# Myford Super 7 Crossslide Woes Info on old post



## sedge (Jun 3, 2015)

I have a problem with lead screw on a Super 7 I am coaxing back into life and found the following while searching
 09-30-2009, 10:38 PM       #5
John S

Join Date: Apr 2008
Posts: 598
Liked 47 Times on 44 Posts


Default Re: Myford Super 7 Crossslide Woes
Dick,
Last week I converted a non powered cross feed S7 as a project for Arc so they can do the kits for both S7 and ML7's.

It can be done on the lathe with a bit of a bracket and the 4 jaw, you need a boring bar that can open the 1/2" hole up to 3/4" and be able to back cut.
all the work is done on the bracket, the rest, screw and dials etc are un touched.

Once adjusted it silky smooth and absolutely no backlash from the bracket.

I still have everything handy so if you want your bracket doing give me a shout and I'll do it and fit the bearings.

John S.
__________________
John Stevenson [ was JohnS the 3rd.]

Nottingham, England 
Is it possible to get information on what needs to be done and what parts are required?
Ken


----------



## Blogwitch (Jun 3, 2015)

Try this Sedge

http://www.arceurotrade.co.uk/projects/MYF001/myford-cstb-mod.html

But as stated in the text, it is not suitable for the Super 7, you would have to work those out for yourself.
I did the same mod to my Atlas 10F, so if I can do it, I am sure you can work it out.

John


----------



## sedge (Jun 3, 2015)

Hi Blogwitch
I carried out the ArcEuro ML7 mod on the milling slide that I have.
I have been giving it some thought, but was hoping to see how somebody else had approached the problem.
Thanks
Ken


----------



## Blogwitch (Jun 3, 2015)

Actually Ken, I don't think you will get any more info from John S.

He is a friend of mine, and the write up that I pointed to from Arc, and what you used to carry out your mod to your mill was in fact done by him.

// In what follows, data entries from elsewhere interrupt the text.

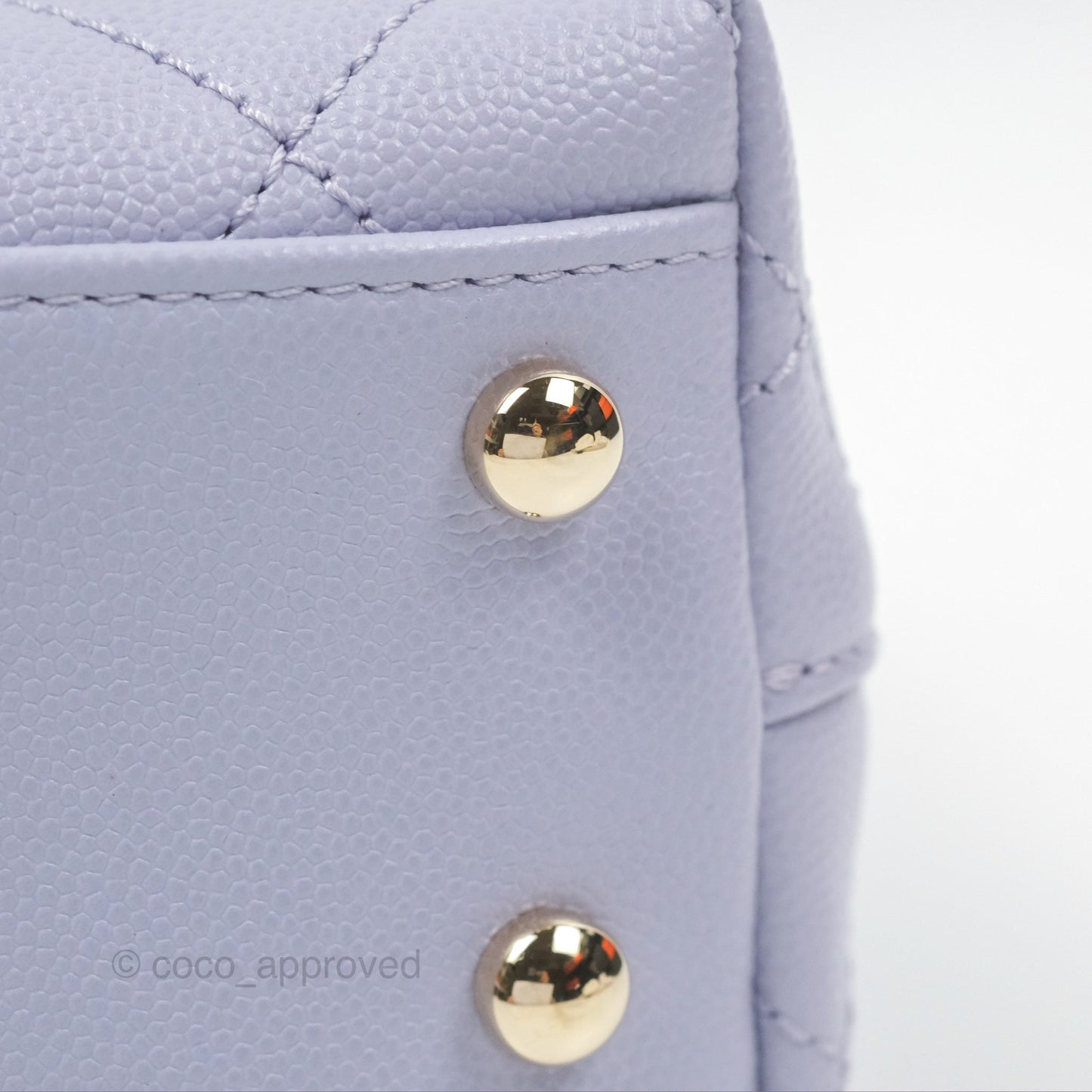 Chanel Small Coco Handle Lilac Caviar Gold Hardware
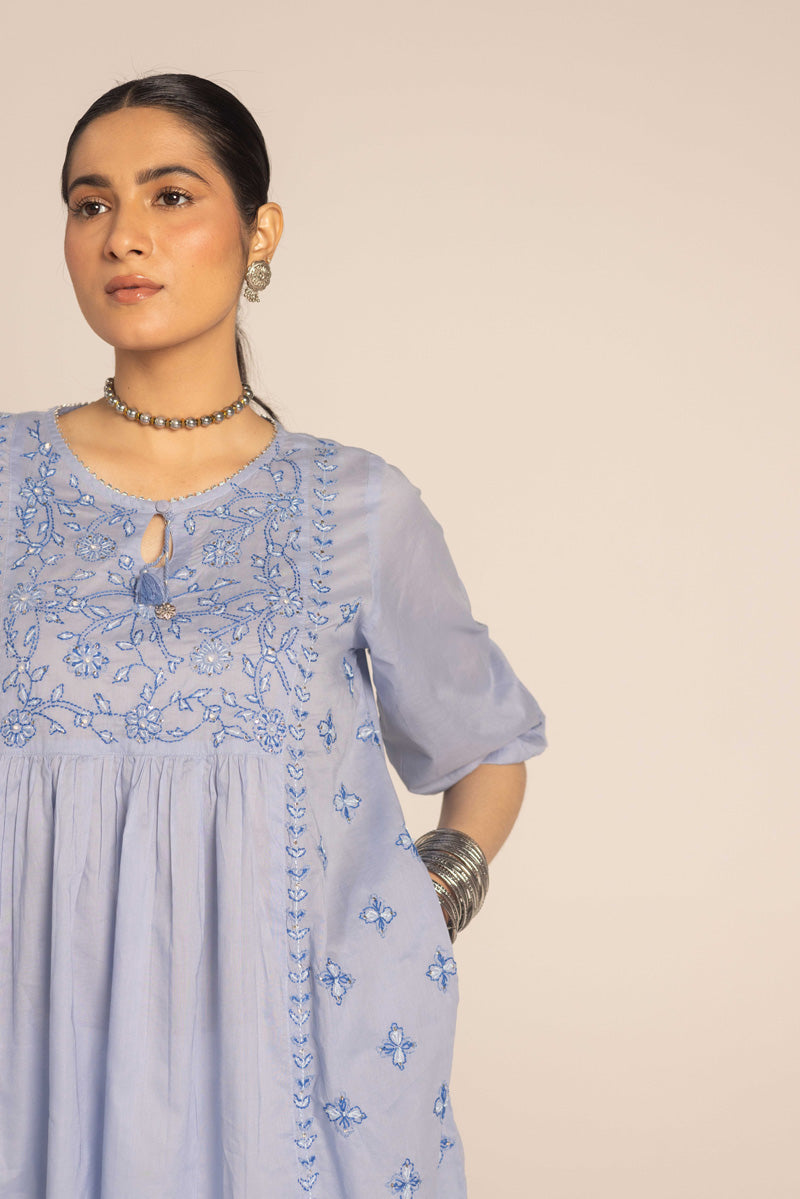 Pure Multani Blue Hues Kurta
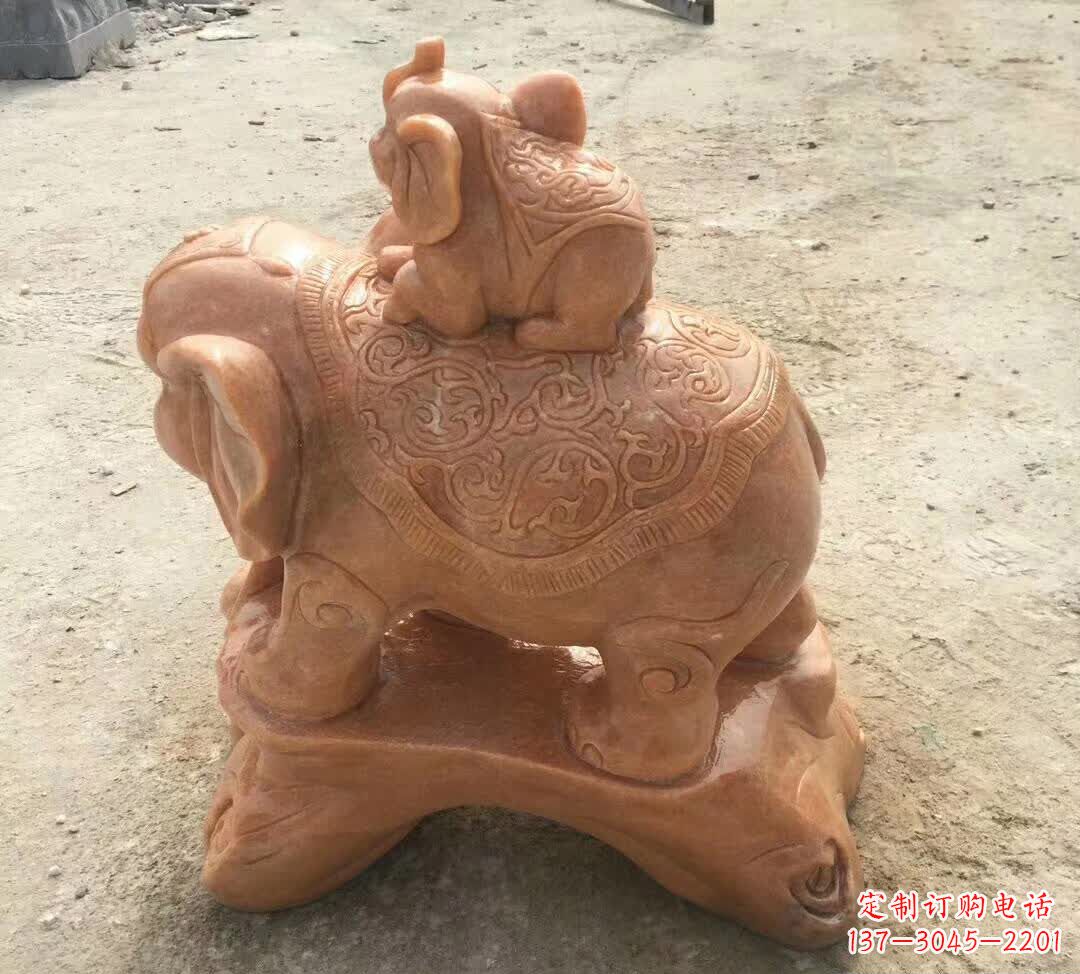 海南晚霞红小象招财动物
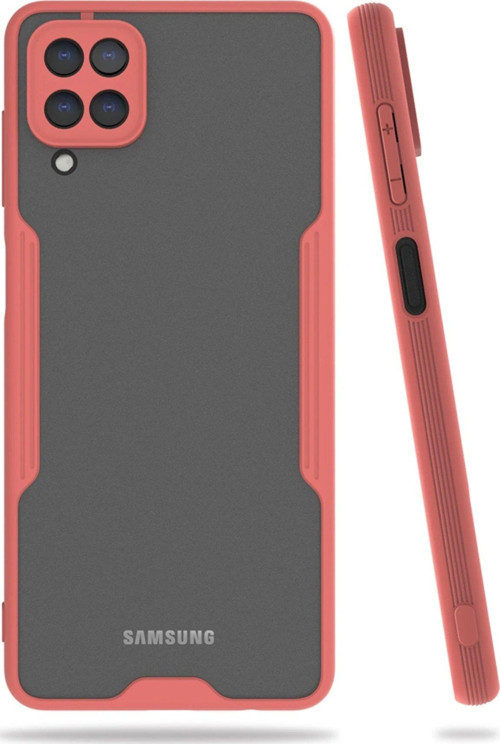 Galaxy A22 Kılıf Platin Silikon - Pembe-(5796)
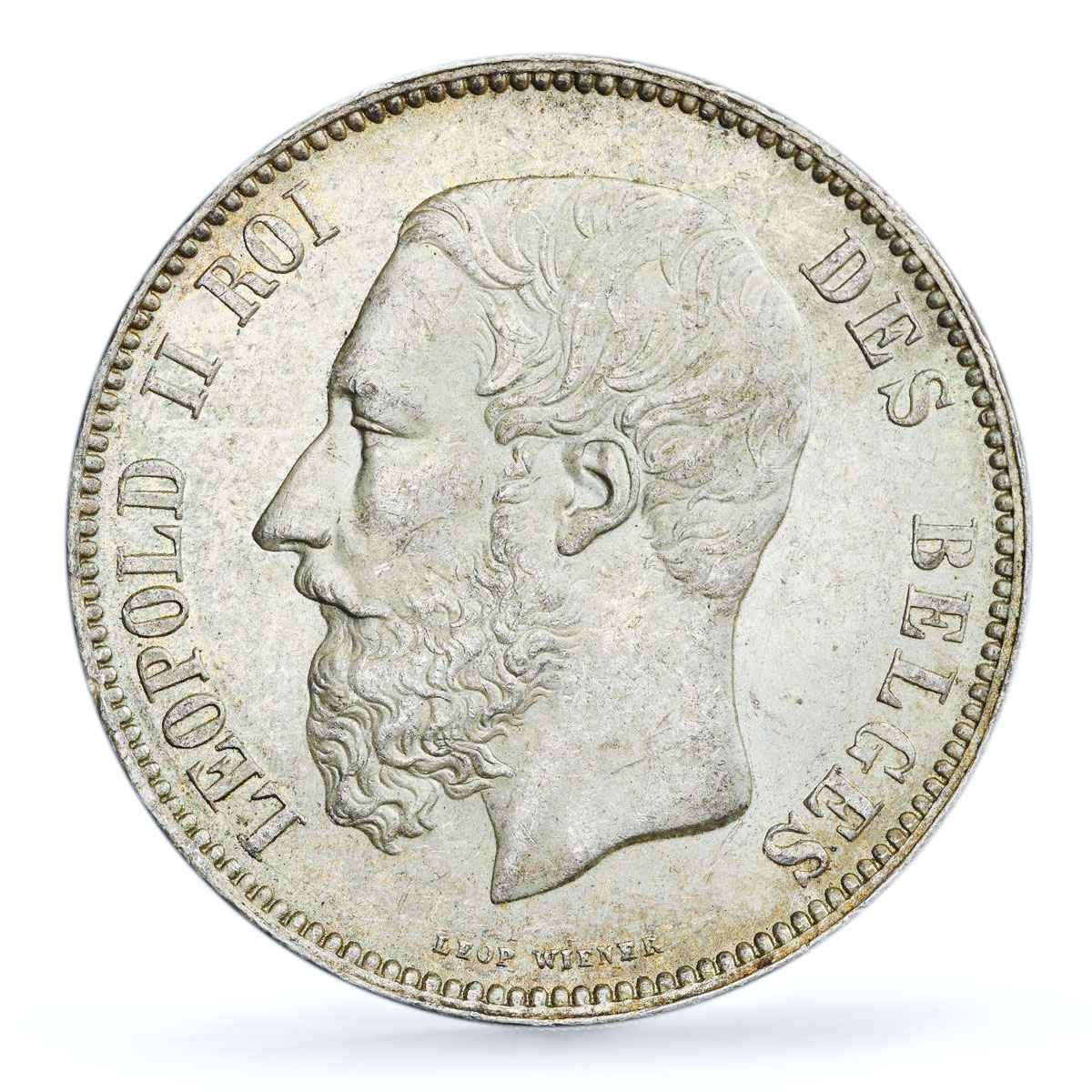 Belgium 5 francs Leopold II Coinage Position A KM-24 MS62 PCGS silver coin 1873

I don't think that there is an easier method of doing it, as there are only so many ways you could tackle that job, other than maybe different bearings, but I don't think you could get it done any cheaper.

Best of luck

John


----------



## sedge (Jun 4, 2015)

Hi John
The main bit of info I was after was the bearing sizes that were used.
Ah well back to the drawing board.
Any way thanks for your input.
Ken


----------